All gloves would be off then, and there would be no more tennis on campus.

\--

Misa showed up out of the blue to see him at the worst possible time she could. After the recent discussions and her campaign to get Kira accepted as a hero, Ryuzaki's attentions had not been split from her since they'd first discovered her.

Today had already been a fairly atypical one, considering. That Ryuzaki was out at all was a surprise. He had been waiting in broad daylight, brazenly, glaringly strange in the sun, nose stuck in a book (written, L noticed, in a language and an alphabet he didn't immediately recognise. He would later discover it was Devanagari, and the majority of Ryuzaki's books were in the same script).

"Hello, L-kun." He'd smiled, slipping the text into his pocket to address him completely. "Who is this?"

"Takada Kiyomi." She introduced, and Ryuzaki returned with his Ryuga alias, and L quickly switched to it as well.

"She seems nice." Ryuga said to L when she had left and he sat beside the detective. "Perhaps a little young."

"Everyone is young here."

"Why did you drop out?" Ryuga asked, seemingly genuinely perplexed. "It would have been simple enough for you to continue your degree here immediately. You were more than capable of doing the tests even upon direct arrival."

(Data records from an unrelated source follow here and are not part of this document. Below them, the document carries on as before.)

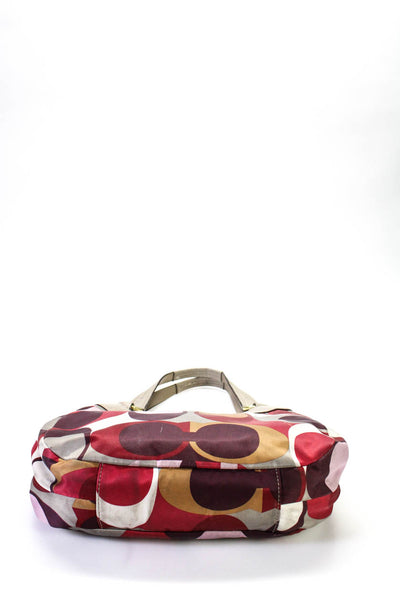 Coach Womens Leather Trim Gold Logo Canvas Shoulder Handbag Multicolor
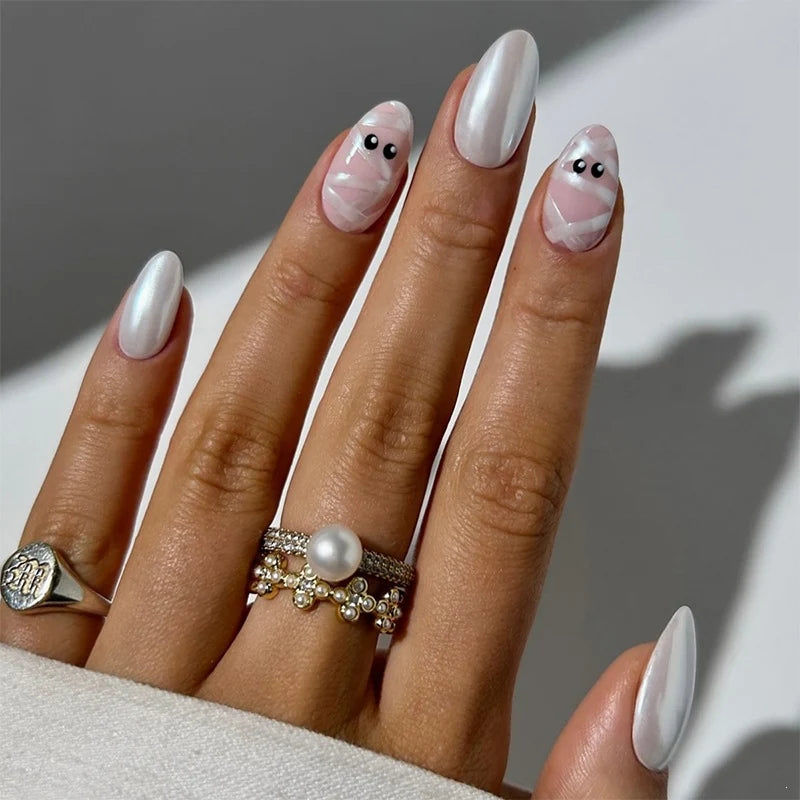 Press-On Nail Set Self-Adhesive Ballet Motifs & Shimmer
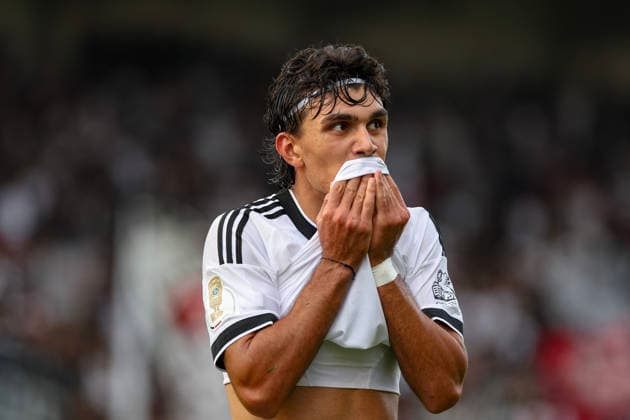 21.08.2026, GER, Fussball, Herren, DFB-Pokal, Saison 2026 2027, SC St. Tönis vs Eintracht Frankfurt Can Uzun (Frankfurt) gestikuliert, Gestik und Mimik Krefeld Grotenburg-Stadion Nordrhein-Westfalen Deutschland *** August 21, 2026, GER, Soccer, Men s, DFB Cup, 2026–2027 Season, SC St. Tönis vs. Eintracht Frankfurt; Can Uzun (Frankfurt) gesturing; gestures and facial expressions; Krefeld Grotenburg Stadium, North Rhine-Westphalia, Germany Copyright: xAdrianxSchlüterx
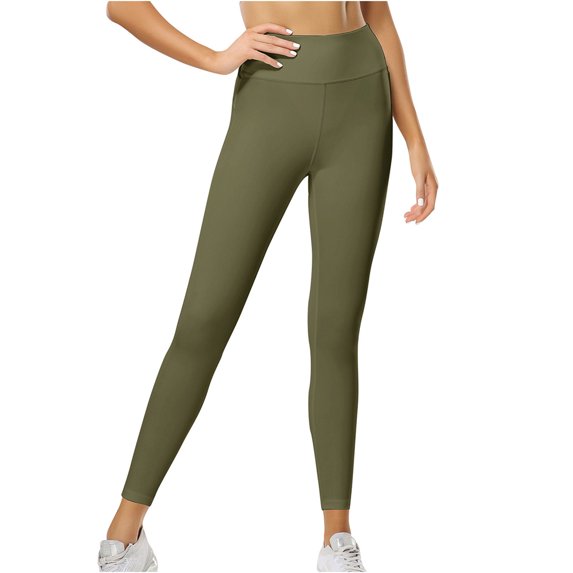 QLEICOM Womens Yoga Pants Capri Leggings Tie-dye Pocket Breathable Hip Lifting Exercise Bubble Workout Leggings Athletic Pants Tummy Control Leggings Green L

"I'm flattered by your faith in me, Ryuga." He said, dropping honorifics when no one was there to observe them. L wasn't Japanese, and despite his ancestry, it was clear Ryuga hadn't been raised in this environment either. He'd mentioned previously, in fact, that he'd spent some of his childhood in England. It therefore wasn't in either of their cultures, and between the bond they'd both formed, that of detective-and-suspect, of R-and-Kira, L felt no need to enforce feigned politeness.

"Was it due to your mother's passing?"

"Yes," he admitted, relining in his seat and tucking his feet under him, crossing his legs. He knew how strange they both looked, observed how they garnered a few curious eyes, but neither cared, absorbed as they were in each other.

"Oh," Ryuga then remembered. "If I die in the next few days, the taskforce will not hesitate to charge you as Kira."

Ah. That answered a question or two L had been itching to ask. Such as why was Ryuga out in public when only the day previous he'd been scared of the two Kiras finding out about him. Telling L so brashly of his actions once again protected him completely. It at least put a stop to any of L's immediate plans.

And then along came Misa.

"L-chan!" She chanted, and L accepted her arms around him with a cautious look to Ryuzaki. The detective didn't notice however, since his eyes were completely focused on Misa Amane.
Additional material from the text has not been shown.